Ao lado de uma amiga, também usuária, Maria lamenta a “invasão de
privacidade”. “Nunca vi isso, tirar foto de uma pessoa e colocar assim
na capa do jornal. Eu fiquei triste assim desse jeito, porque eu estou
acreditando mesmo nesse projeto e isso pode atrapalhar para todo mundo. O
pessoal já tá dizendo que vão me furar porque eu estou arrastando”,
conta.
Na gíria, 'arrastar' tem o sentido de prejudicar. “Mas quando eu tiver
condições vou processar quem fez a foto e arrancar muito dinheiro
deles”, planeja.
Os usuários não gostam de tirar fotos. Os profissionais de TV, Internet e
mídia impressa são o tempo todo orientados a não registrar rostos. O
tom muitas vezes é ameaçador e alguns chegam a jogar pedras contra
equipamentos. A razão, explicam, é preservar a família.
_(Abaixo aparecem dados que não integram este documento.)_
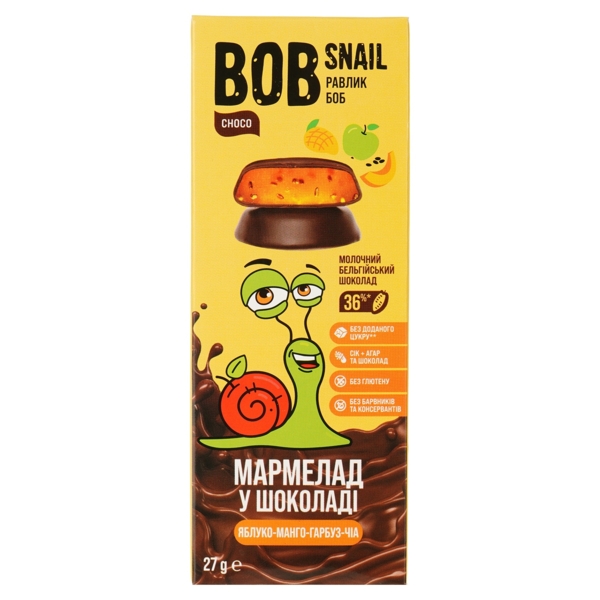 Фруктово-овочевий мармелад Bob Snail Яблуко-Манго-Гарбуз-Чіа в бельгійському молочному шоколаді, 27 г - Pampik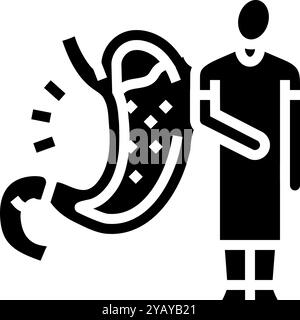 illustration vectorielle d'icône de glyphe de maladie de reflux gastro-oesophagien Illustration de Vecteur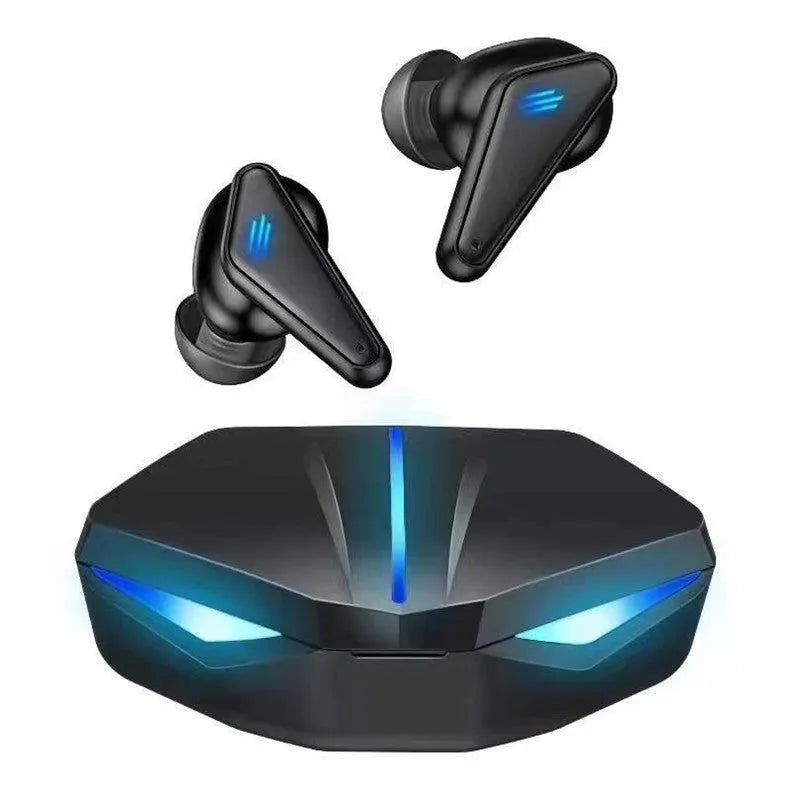 X15 wireless Bluetooth in-ear gaming headphones with charging case, shown in available colours.
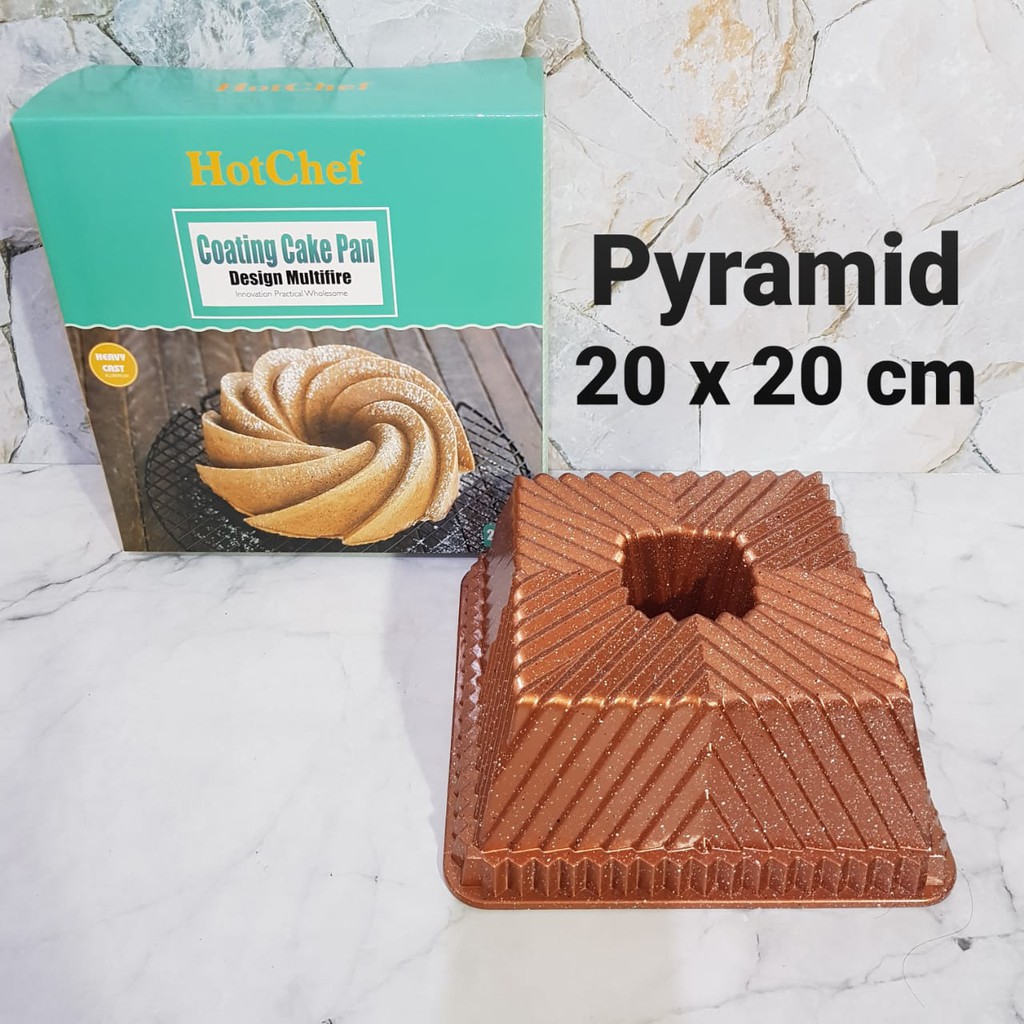 loyang kue HOTCHEF coating bundt tulban cake pan 20cm anti lengket rose gold non stick PYRAMID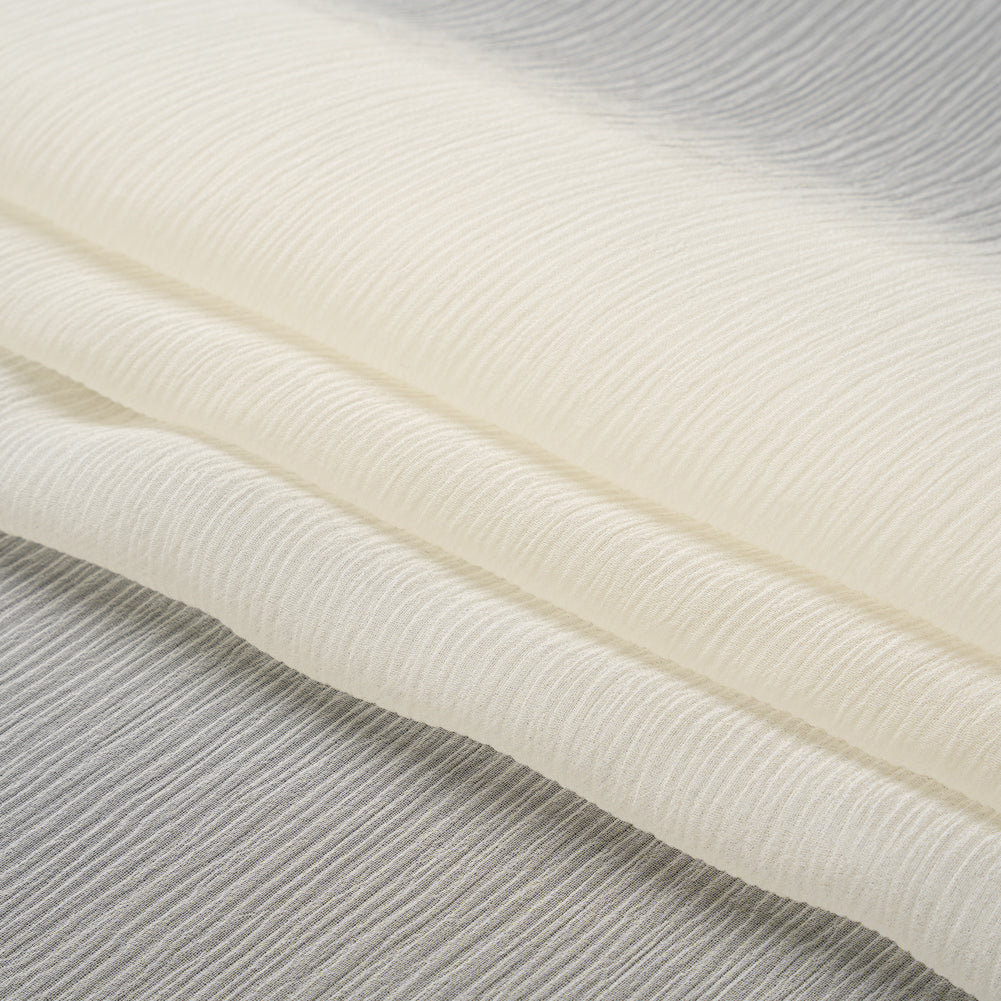 Crinkled Silk Chiffon - Antique White - Premium Collection - Folded Crinkled Silk Chiffon - Antique White - Premium Collection - Folded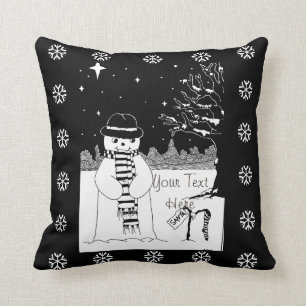 Coussin photo en noir et blanc mignon bonhomme de neige à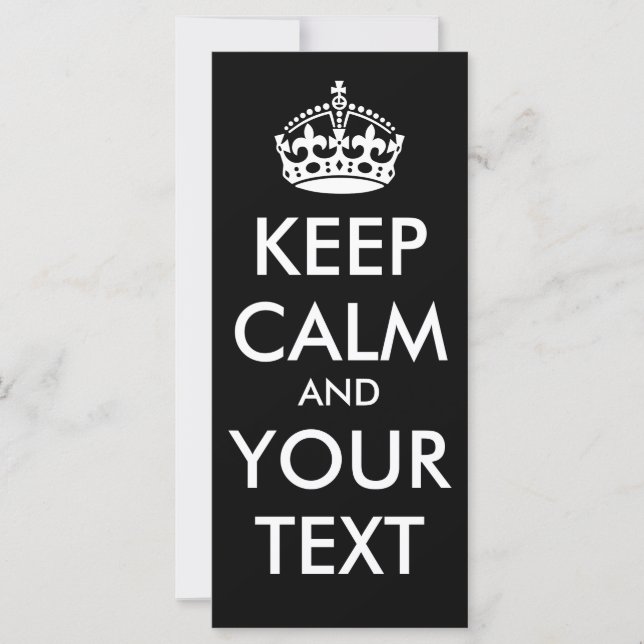 KEEP CALM and YOUR TEXT - Change BLACK background (Front)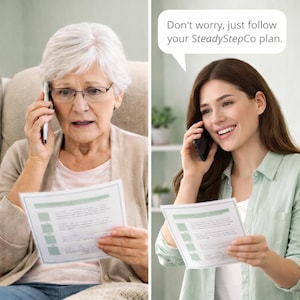 Könnte beinhalten: Zwei Frauen telefonieren, eine ältere und besorgte, die andere jünger und lächelnd. Beide halten Papiere mit einem Checklisten-Design. Eine Sprechblase sagt: "Keine Sorge, befolgen Sie einfach Ihren SteadyStepCo-Plan."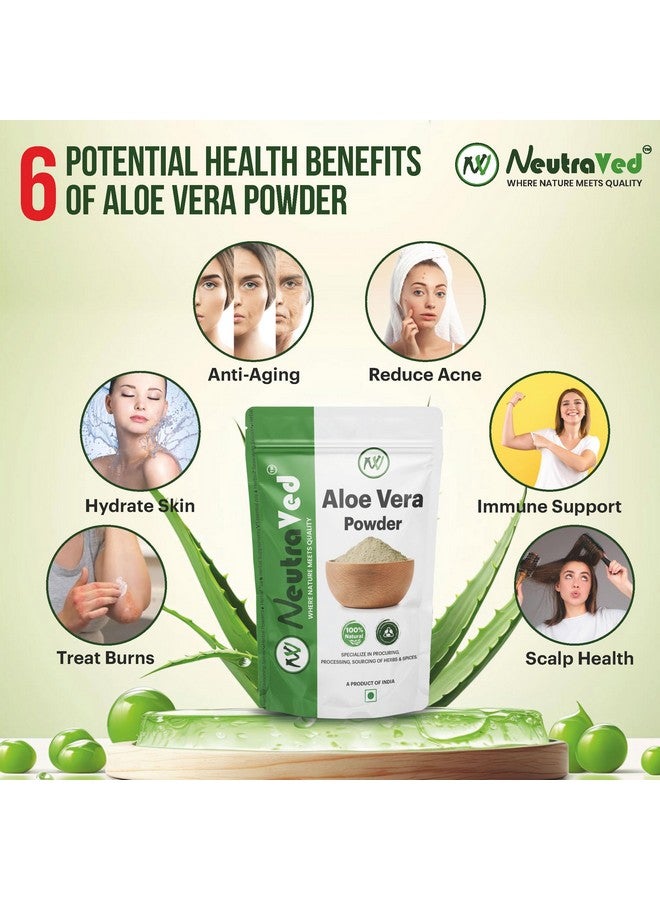 NeutraVed Organic Aloe Vera Powder For Hair Face And Skin 100% Pure And Natural 400G - Image 2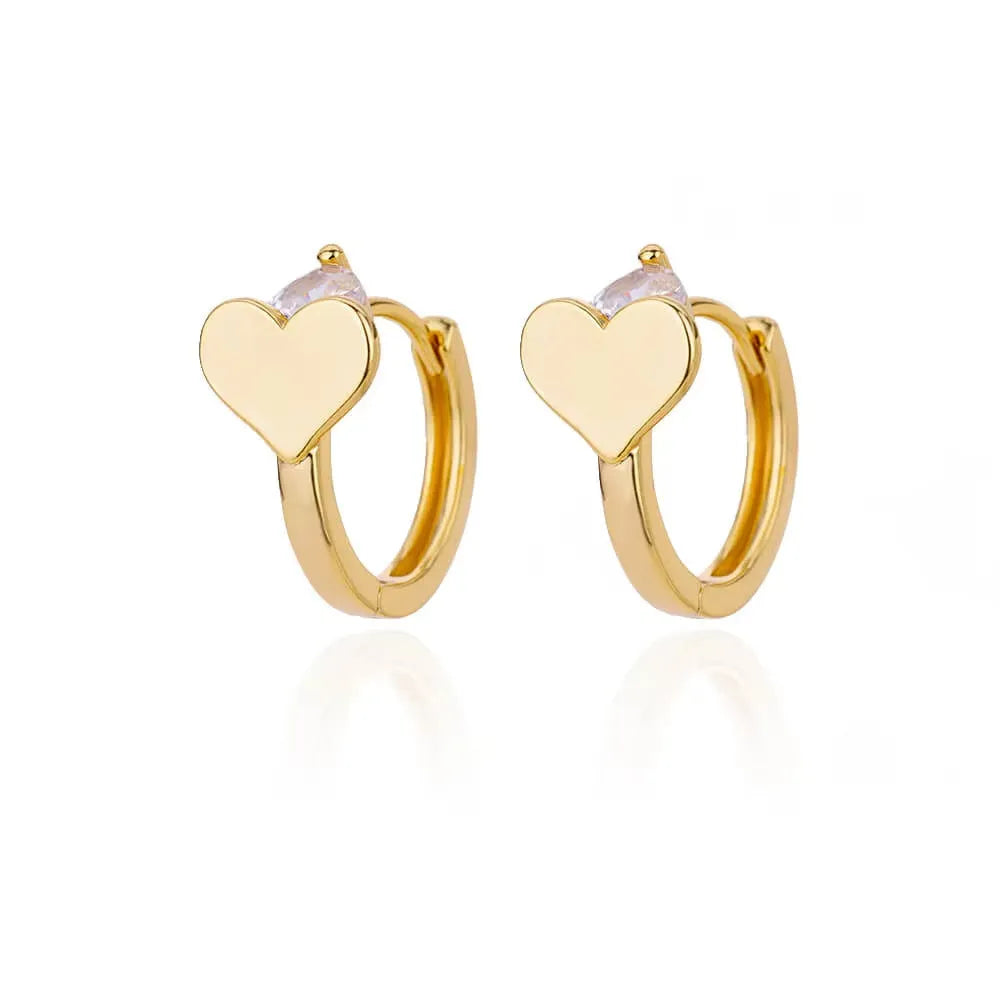 Heart-shaped stainless steel stud earrings with love-themed design elements in colour E3127G-5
“Imagina quem tem mãe, pai, que às vezes nem sabe que você está nessa
situação ou que sabe, mas não precisa ver você toda suja, usando pedra. E
tem os que têm filho que não entende que isso é um vício”, explica
Vandeilda Benedito da Silva, a Vanda, que depois de três dias de
conversa com a RBA topou tirar uma foto ontem, orgulhosa por estar
vestindo o uniforme da Frente de Trabalho. “Agora pode porque se minha
mãe me vê vestida assim, com certeza vai ficar orgulhosa”, explicou.
A revolta de Maria foi acompanhada por profissionais de saúde,
educadores da ONG Brasil Gigante e outros frequentadores da cracolândia.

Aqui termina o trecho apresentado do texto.